Audrey and the kids visit James every month. For the first year, he was imprisoned at the Gurney Unit, just west of Palestine, where he helped the chaplain organize a series of Bible classes for hundreds of inmates. Audrey said that preaching in prison had given him a sense of purpose. But in December, they got a nasty surprise when he was transferred to the Price Daniel Unit, an hour from Abilene, where he hasn’t been able to preach at all.

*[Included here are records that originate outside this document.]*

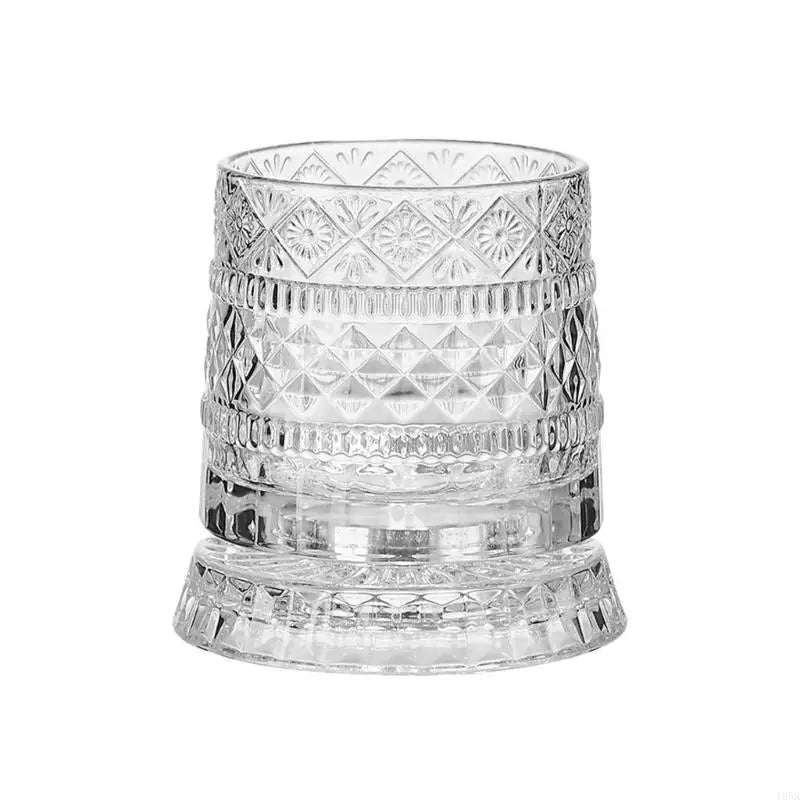 Copo Giratório de Cristal para Whisky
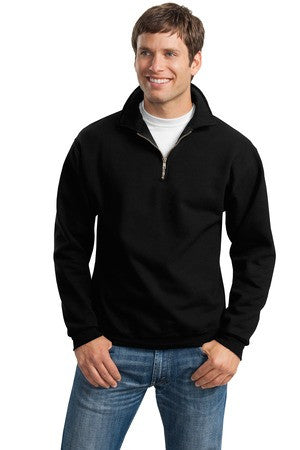 JERZEES 1 4 Zip Sweatshirt with Cadet Collar 4528M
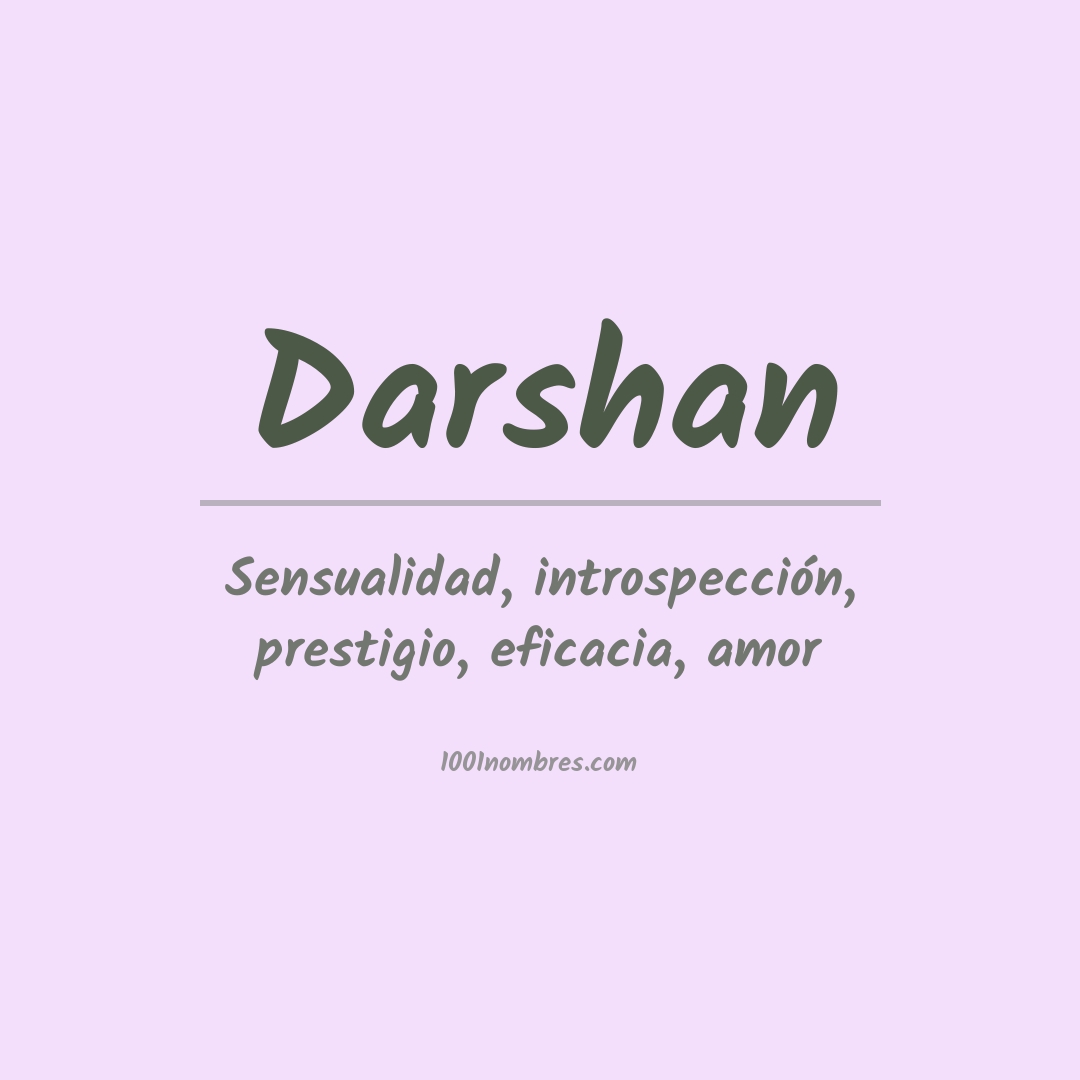 Significado del nombre Darshan Significado del nombre Darshan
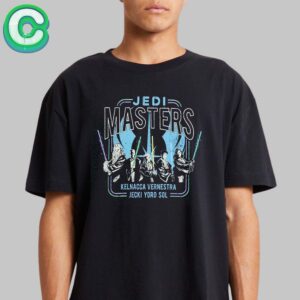 Kelnacca, Vernestra, Jecki, Yord and Sol with Jedi Masters Star Wars The Acolyte Logo Unisex T-shirt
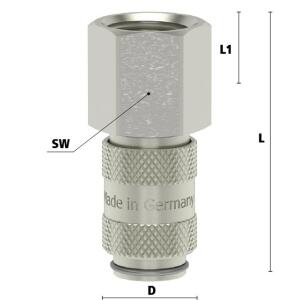 Luedecke ESMCN 18 I - Series ESMC DN 2.7 - Couplings with...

Audrey got another unpleasant surprise in early February, when she was notified that the State Bar had dismissed her grievance. Such a dismissal isn’t unheard of; according to Audrey, the Commission for Lawyer Discipline (which oversees the investigators) agreed with the state’s point that the core issue had already been ruled upon by Judge Skeen. She was crushed.

The prosecutors, of course, were relieved. Biggs, who is now in private practice and had failed to hand over the country club’s letter to the defense, probably had the most to lose. “I felt I was under attack for doing what I thought was the right thing,” he said. He believes Woodard was telling the truth about James returning to the Cascades.

The whole experience made Audrey even more determined to free James, who won’t be eligible for parole for another four years. Recently, she stood up in front of four hundred congregants at the family’s church and reflected on her struggle to free James. She nervously read from prepared notes, pausing occasionally to dab tears. “I really need Him to move mountains,” she said. “It’s in my prayers and my children’s prayers daily.”

A cross adorned with photos of Haile marking the stretch of road where the crash took place.
A cross adorned with photos of Haile marking the stretch of road where the crash took place.Courtesy of KETK News

Three crosses sit in the grass on the south side of the S-curve on Grande Boulevard in Tyler. One is adorned with photos of twenty-year-old Rian Finkie, who died after losing control of his motorcycle and colliding with oncoming traffic on December 22, 2017, less than a month after James was convicted. Another simply reads “RDK,” planted for Rodney Kolac, a seventy-year-old who died just two weeks after that; he lost control of his Corvette and slammed into a truck. The third is decorated with eight photos of Haile Beasley. In each of them, she smiles irrepressibly.

Last spring, the city installed a series of bright yellow plastic poles in the center lane of the S-curve, a temporary measure until a concrete barrier can be installed. Many citizens felt the measure was a long time coming. The S-curve has for years been a place where the human capacity for error was greatly amplified.

Jennifer still visits the curve routinely to maintain Haile’s cross, swapping out pictures and adorning it with fresh flowers and, come Christmastime, decorating it with a small tree.

Brian doesn’t want to encounter the site of his daughter’s death, so he avoids the curve altogether.

Audrey drives this part of Grande often, since her parents still live in Tyler. The kids sometimes ask her to point it out when the family drives into town. As they lean into the curve, they all say a series of prayers: for Haile’s family, for the other families who have lost loved ones there, and for James to come home soon.